• **Try it**: Once you find the line containing "The Studio Chair", please retype it and every line after it to the end of the entries, exactly and with nothing added.

• **Data shown**:
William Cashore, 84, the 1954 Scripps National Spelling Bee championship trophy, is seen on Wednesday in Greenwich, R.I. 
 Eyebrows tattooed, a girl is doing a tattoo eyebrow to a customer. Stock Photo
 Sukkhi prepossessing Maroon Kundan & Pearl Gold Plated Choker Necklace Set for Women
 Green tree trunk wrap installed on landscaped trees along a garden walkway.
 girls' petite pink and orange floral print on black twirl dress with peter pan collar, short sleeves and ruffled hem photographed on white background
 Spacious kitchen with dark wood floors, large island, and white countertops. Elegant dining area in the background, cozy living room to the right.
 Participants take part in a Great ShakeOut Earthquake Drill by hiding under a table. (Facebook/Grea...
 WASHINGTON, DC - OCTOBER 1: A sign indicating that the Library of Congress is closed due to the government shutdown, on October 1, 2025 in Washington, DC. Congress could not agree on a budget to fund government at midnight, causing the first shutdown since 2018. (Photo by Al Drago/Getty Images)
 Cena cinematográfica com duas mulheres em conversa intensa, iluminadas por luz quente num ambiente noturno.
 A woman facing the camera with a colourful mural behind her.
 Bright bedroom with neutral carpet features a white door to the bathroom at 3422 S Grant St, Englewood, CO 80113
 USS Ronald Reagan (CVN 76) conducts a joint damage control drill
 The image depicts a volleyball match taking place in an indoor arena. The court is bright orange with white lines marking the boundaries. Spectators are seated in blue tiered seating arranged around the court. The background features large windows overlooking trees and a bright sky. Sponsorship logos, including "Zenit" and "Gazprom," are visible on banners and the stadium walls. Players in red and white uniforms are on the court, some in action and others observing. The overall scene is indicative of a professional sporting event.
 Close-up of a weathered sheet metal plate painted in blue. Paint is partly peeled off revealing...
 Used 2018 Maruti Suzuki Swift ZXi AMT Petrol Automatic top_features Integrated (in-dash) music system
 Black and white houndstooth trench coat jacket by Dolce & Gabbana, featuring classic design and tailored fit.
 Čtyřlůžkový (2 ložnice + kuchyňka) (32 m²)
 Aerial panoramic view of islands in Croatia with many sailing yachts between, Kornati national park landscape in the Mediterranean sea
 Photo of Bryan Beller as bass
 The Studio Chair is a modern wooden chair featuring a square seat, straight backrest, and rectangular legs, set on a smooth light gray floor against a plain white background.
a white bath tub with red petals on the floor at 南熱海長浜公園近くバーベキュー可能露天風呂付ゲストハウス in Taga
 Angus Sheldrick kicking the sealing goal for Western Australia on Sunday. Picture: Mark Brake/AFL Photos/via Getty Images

• **Written answer**:
 The Studio Chair is a modern wooden chair featuring a square seat, straight backrest, and rectangular legs, set on a smooth light gray floor against a plain white background.
a white bath tub with red petals on the floor at 南熱海長浜公園近くバーベキュー可能露天風呂付ゲストハウス in Taga
 Angus Sheldrick kicking the sealing goal for Western Australia on Sunday. Picture: Mark Brake/AFL Photos/via Getty Images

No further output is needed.